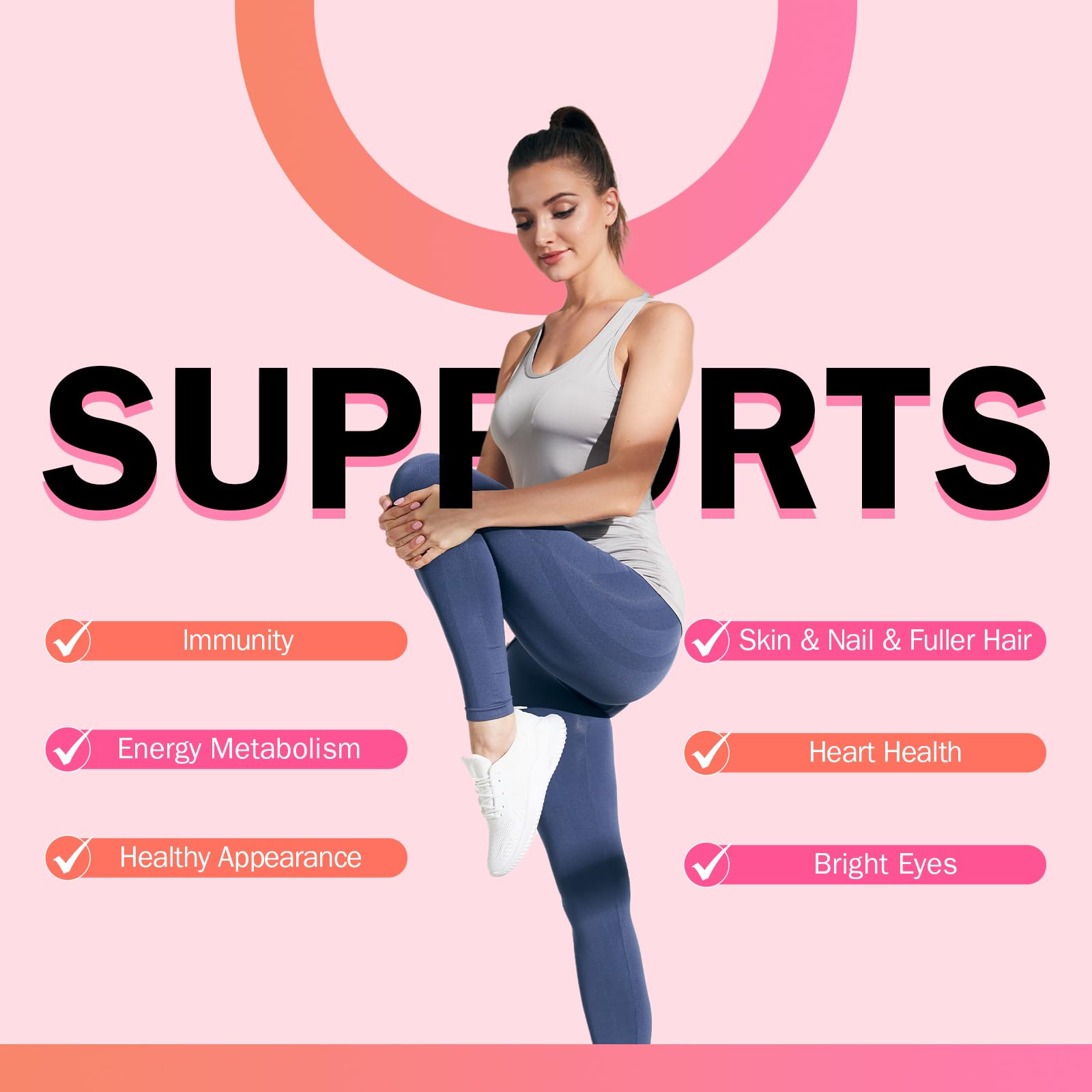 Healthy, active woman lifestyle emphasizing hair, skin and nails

==*==

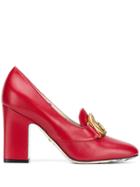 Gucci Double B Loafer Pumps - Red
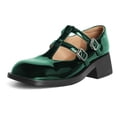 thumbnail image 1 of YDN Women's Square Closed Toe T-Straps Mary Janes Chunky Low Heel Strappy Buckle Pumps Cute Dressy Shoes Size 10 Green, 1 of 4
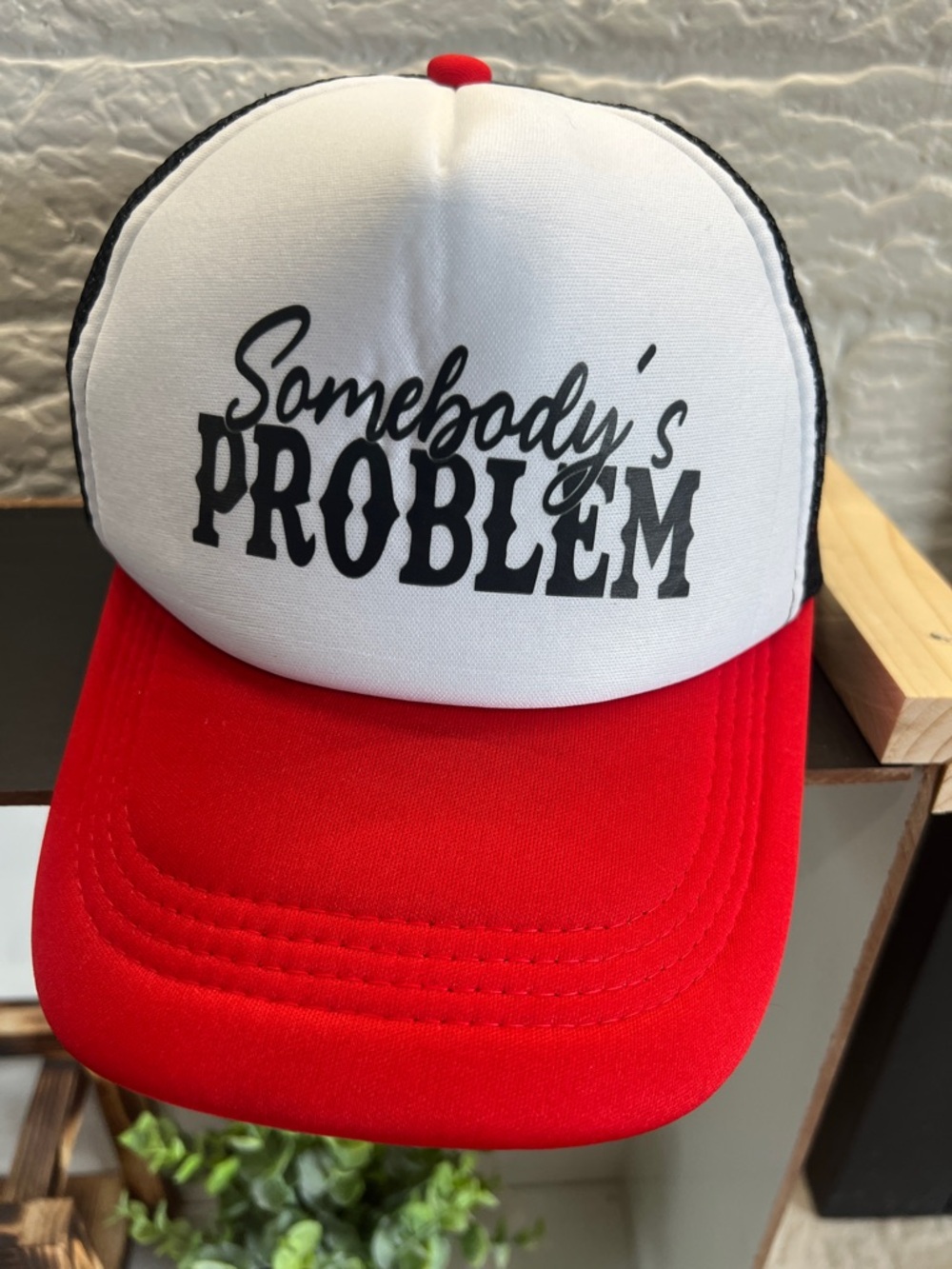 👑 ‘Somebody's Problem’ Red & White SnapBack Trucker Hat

==*==

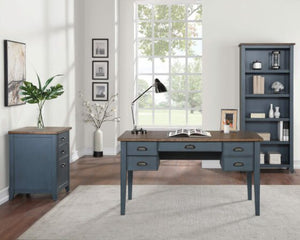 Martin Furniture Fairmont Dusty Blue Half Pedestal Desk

==*==

Copy exactly the material above from the line with "Gucci Double B Loafer Pumps - Red" to the line with "SnapBack Trucker Hat", ends included, and nothing else. Leave out any picture.

 Gucci Double B Loafer Pumps - Red
 thumbnail image 1 of YDN Women's Square Closed Toe T-Straps Mary Janes Chunky Low Heel Strappy Buckle Pumps Cute Dressy Shoes Size 10 Green, 1 of 4
 👑 ‘Somebody's Problem’ Red & White SnapBack Trucker Hat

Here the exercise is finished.